[Collected data]
==============================
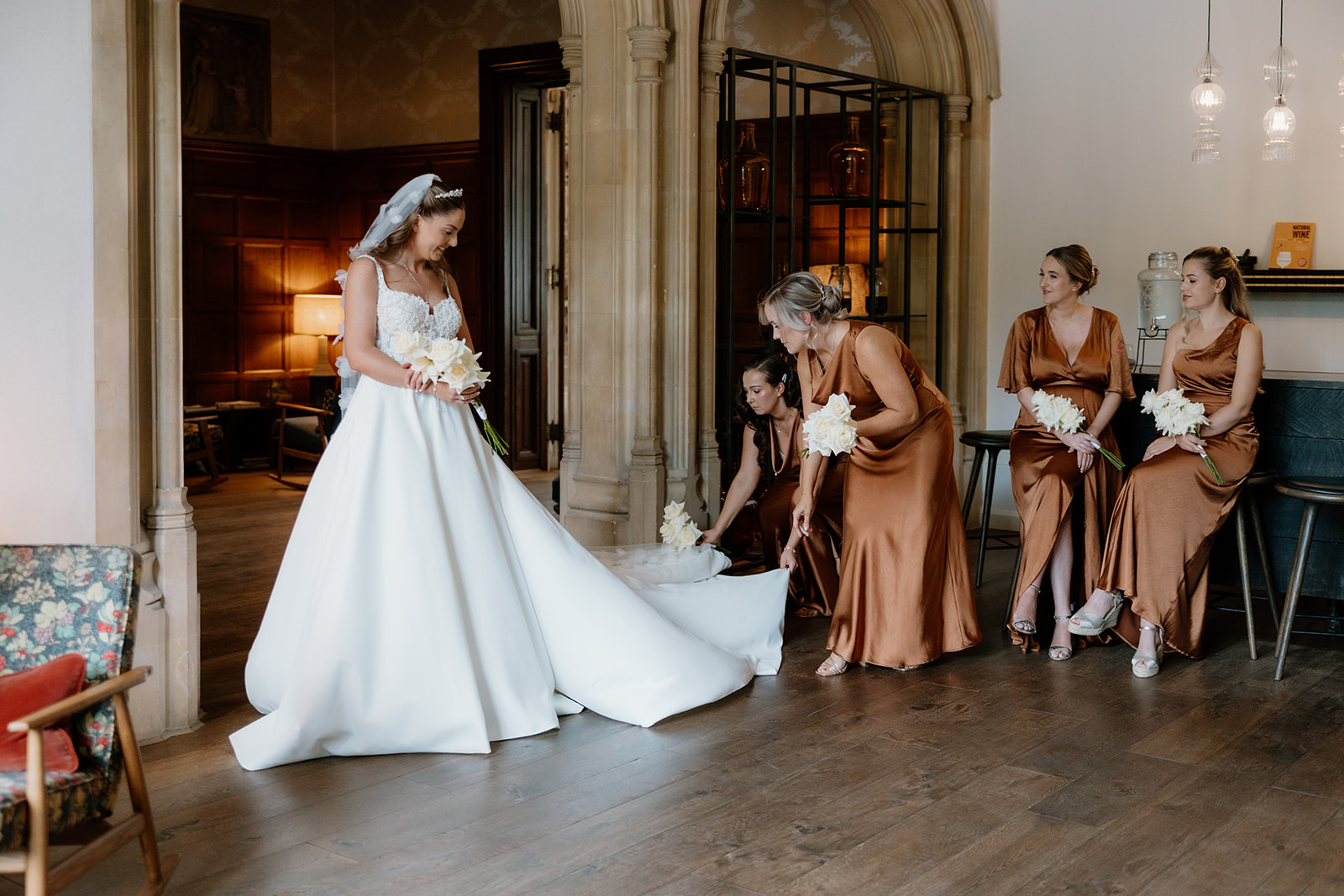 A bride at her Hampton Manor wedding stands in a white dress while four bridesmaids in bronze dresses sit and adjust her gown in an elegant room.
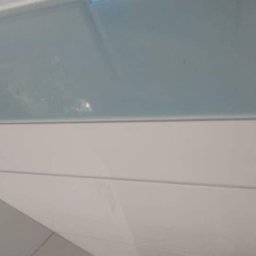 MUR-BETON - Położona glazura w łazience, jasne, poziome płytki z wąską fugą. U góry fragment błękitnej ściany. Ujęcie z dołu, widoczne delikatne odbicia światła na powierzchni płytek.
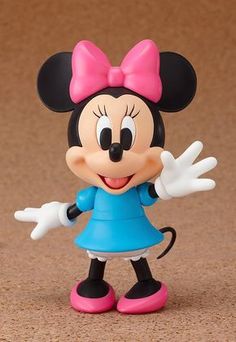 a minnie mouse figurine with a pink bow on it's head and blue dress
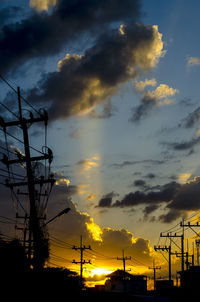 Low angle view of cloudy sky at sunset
==============================
[What the task asks] Pictures are to be left out; all other data must be returned exactly.

[Exercise answer]
 A bride at her Hampton Manor wedding stands in a white dress while four bridesmaids in bronze dresses sit and adjust her gown in an elegant room.
 MUR-BETON - Położona glazura w łazience, jasne, poziome płytki z wąską fugą. U góry fragment błękitnej ściany. Ujęcie z dołu, widoczne delikatne odbicia światła na powierzchni płytek.
 a minnie mouse figurine with a pink bow on it's head and blue dress
 Low angle view of cloudy sky at sunset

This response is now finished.